Creating a scatter plot and the lm function.

Haleylololo · May 30, 2020, 7:15pm

An error message has come up when i am trying to use the lm function

Error in lm.fit(x, y, offset = offset, singular.ok = singular.ok, ...) :
NA/NaN/Inf in 'y'
In addition: Warning message:
In storage.mode(v) <- "double" : NAs introduced by coercion

This is my code:

rm(list=ls())
COVID19_DATA_3 <- read.csv("C:/Users/User.DESKTOP-IVGA5BC/Desktop/COVID19_DATA_3.csv", header=FALSE)
COVID19_DATA_3$V8=as.character(COVID19_DATA_3$V8)
COVID19_DATA_3$V11=as.character(COVID19_DATA_3$V11)

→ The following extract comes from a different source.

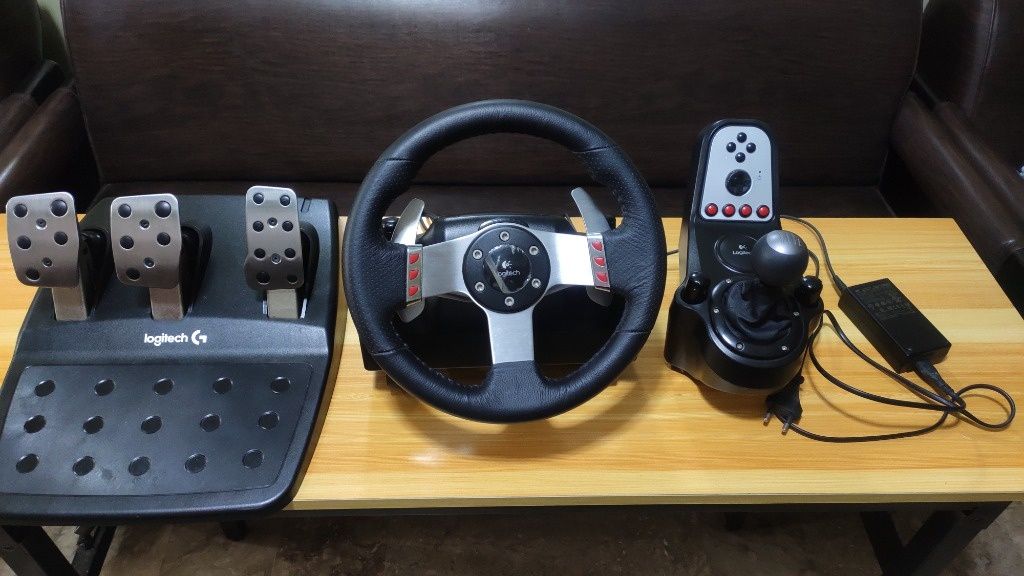 Volante Logitech G27 - Videojogos - Consolas - OLX Portugal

plot(COVID19_DATA_3$V11,COVID19_DATA_3$V8)
plot(COVID19_DATA_3$V11,COVID19_DATA_3$V8, ylim=c(0,2000))
plot(COVID19_DATA_3$V11,COVID19_DATA_3$V8, xlim=c(0,50),ylim=c(0,500))

fit <-lm(COVID19_DATA_3$V11~COVID19_DATA_3$V8)
plot(COVID19_DATA_3$V11,COVID19_DATA_3$V8)
abline(fit, col = "blue", lwd=1)

My data consists of column V8 and V11 and it consists of ONLY integers and NA values. Not sure if i use the wrong function 'as.character'. But i tried without using it and it turns out that the scatter plot gives a series of lines instead of dots.

This is a brief section of how my data look like. (V8 and V11 only has integer values and NA values)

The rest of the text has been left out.